Saturday, August 13, 2011

Firefighting, Viking Warrior and Heart Health

Last Tuesday after our third or fourth call after midnight I was having a little bit of trouble getting back to sleep. So I decided to do a bit of research and came across this article.

http://news.illinois.edu/news/11/0803firefighting_GavinHorn_BoFernhall.html

This article states that researchers found that "three hours of firefighting activity caused acute increases in arterial stiffness and impaired cardiac functioning in young, apparently healthy male firefighters." This study is one of the first to show a link specifically between firefighting and possible detrimental effects on heart health. Heart attacks have long been the number one cause of firefighter line of duty deaths, accounting for nearly half of the death toll. The article stated that during cardiac fatigue the heart's stroke volume (how much oxygenated blood it can pump out to the body with each heart beat), and its diastolic function (the heart's ability to relax between beats) both decreased during firefighting activities. When the heart can't pump enough oxygenated blood out to the body, it spazzes out and there's the potential for bad things like heart attacks and strokes happen ('spazzes out' being the technical term). The article also states that the cardiac fatigue can be exacerbated by heat, the heavy bunker gear and equipment, and the "fight or flight" response.

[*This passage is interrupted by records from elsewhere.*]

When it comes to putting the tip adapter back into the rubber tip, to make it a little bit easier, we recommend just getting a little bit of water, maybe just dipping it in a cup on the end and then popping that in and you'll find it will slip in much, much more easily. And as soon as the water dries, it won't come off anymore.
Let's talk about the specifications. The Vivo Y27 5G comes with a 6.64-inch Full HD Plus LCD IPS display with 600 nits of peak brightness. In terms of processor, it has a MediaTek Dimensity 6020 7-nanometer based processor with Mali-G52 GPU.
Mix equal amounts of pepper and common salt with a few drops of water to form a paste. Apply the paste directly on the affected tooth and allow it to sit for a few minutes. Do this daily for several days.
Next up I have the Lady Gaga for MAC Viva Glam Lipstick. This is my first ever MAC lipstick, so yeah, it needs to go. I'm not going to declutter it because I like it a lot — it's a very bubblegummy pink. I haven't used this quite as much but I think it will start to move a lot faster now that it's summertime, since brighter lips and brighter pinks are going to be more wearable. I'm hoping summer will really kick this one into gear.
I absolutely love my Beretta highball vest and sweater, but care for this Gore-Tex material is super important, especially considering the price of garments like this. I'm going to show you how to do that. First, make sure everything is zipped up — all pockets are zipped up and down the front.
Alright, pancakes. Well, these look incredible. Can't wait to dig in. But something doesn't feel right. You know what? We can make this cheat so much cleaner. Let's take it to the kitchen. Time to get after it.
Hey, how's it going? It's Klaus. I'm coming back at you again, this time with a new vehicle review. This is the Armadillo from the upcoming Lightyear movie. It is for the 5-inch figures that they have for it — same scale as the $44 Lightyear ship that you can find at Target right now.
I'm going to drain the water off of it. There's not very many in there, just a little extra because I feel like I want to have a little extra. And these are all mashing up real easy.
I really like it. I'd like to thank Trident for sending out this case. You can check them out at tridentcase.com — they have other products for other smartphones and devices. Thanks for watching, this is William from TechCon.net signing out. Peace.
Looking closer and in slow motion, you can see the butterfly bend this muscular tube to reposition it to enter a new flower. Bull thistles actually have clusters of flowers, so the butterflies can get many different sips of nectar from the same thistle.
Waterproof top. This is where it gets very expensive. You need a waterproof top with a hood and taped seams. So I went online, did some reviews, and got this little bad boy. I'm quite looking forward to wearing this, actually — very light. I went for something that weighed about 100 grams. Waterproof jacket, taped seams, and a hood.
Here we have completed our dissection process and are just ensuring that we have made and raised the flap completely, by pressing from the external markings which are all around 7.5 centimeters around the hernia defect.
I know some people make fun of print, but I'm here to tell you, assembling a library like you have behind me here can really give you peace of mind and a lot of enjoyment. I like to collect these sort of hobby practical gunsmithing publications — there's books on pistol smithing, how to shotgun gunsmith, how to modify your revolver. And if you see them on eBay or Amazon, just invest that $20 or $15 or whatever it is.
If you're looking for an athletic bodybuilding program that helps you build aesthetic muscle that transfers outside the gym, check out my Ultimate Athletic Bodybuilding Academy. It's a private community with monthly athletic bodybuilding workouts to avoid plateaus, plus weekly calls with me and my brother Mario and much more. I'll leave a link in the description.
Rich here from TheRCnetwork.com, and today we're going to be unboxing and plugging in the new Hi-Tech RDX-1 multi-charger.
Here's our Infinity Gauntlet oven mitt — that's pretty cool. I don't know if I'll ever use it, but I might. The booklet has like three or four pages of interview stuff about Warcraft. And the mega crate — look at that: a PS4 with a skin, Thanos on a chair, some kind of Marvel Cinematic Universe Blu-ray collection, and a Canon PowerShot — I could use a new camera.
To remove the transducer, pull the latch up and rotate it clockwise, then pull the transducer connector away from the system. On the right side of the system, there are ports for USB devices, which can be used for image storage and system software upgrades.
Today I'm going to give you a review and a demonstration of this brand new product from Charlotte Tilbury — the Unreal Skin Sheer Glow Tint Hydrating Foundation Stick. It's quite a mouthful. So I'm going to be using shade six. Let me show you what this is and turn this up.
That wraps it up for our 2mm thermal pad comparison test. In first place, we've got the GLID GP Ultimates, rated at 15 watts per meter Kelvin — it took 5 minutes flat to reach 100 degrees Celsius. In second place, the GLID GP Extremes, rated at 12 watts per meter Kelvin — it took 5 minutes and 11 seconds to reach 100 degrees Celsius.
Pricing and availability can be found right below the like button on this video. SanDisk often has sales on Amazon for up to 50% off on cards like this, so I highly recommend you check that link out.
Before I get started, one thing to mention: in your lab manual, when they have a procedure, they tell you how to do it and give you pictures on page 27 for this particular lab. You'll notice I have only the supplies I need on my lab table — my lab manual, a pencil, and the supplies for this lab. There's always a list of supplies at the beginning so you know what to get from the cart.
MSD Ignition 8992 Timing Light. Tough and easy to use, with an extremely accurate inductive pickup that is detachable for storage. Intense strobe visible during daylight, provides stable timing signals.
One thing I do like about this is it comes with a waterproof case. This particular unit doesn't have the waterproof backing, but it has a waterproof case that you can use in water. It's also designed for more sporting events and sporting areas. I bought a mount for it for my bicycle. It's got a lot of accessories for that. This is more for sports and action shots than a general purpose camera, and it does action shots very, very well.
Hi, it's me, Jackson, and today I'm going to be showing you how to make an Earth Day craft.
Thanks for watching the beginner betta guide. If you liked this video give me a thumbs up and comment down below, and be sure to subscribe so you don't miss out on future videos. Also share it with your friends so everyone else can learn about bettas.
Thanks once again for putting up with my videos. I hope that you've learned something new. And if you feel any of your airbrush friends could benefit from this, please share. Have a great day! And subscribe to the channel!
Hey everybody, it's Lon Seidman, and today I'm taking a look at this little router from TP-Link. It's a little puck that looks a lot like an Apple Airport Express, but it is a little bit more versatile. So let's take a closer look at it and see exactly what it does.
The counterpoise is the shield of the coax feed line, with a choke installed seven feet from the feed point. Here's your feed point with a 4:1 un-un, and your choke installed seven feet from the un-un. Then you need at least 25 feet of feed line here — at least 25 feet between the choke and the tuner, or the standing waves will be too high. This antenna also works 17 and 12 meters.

After reading this article, I fell even more in love with the Viking Warrior Conditioning program. I used this program to get ready for my first full gear stair climb.

This was the first program that broke down a cardiovascular fitness program for me on a basic anatomy and physiology level. Kenneth Jay stated in his book and DVD that breathing hard during a workout isn't necessarily a sign of getting a good workout. The blood in most folks as already saturated at close to 100% of its oxygen carrying capacity. Breathing hard isn't going to do all that great of a job of squeezing more O2 into your blood cells if they're already at full capacity. Second, he stated that just because the heart's beating faster during a workout, doesn't necessarily mean that cardiovascular fitness is improving. If the heart is fluttering away and beating super fast, it might not be have enough time to adequately fill before each beat, and thereby become more inefficient pumping less oxygenated blood out to the body with each beat. Imagine you're sitting on a lake in a row boat with a leak in it. You have a 1 gallon bucket to bail water out of the boat. You can bail your little heart out as fast as you can, but if you're not letting the bucket fill all the way, you're not as efficient as you could be, and might end up tiring yourself out long before you can bail out enough water to keep the boat from sinking. This is the same case with the heart. In order for the heart to be efficient it has to have enough time to fill completely with blood before each beat. This allows it to get more oxygenated blood to the muscles with each beat, improving muscular endurance. Keneeth Jay claims that the kettlebell snatch increases stroke volume by helping to open up the veins, allowing more blood to return to the heart so that the heart fills up quicker between each beats. This could possibly help to counteract the "cardiac fatigue" noted in the study.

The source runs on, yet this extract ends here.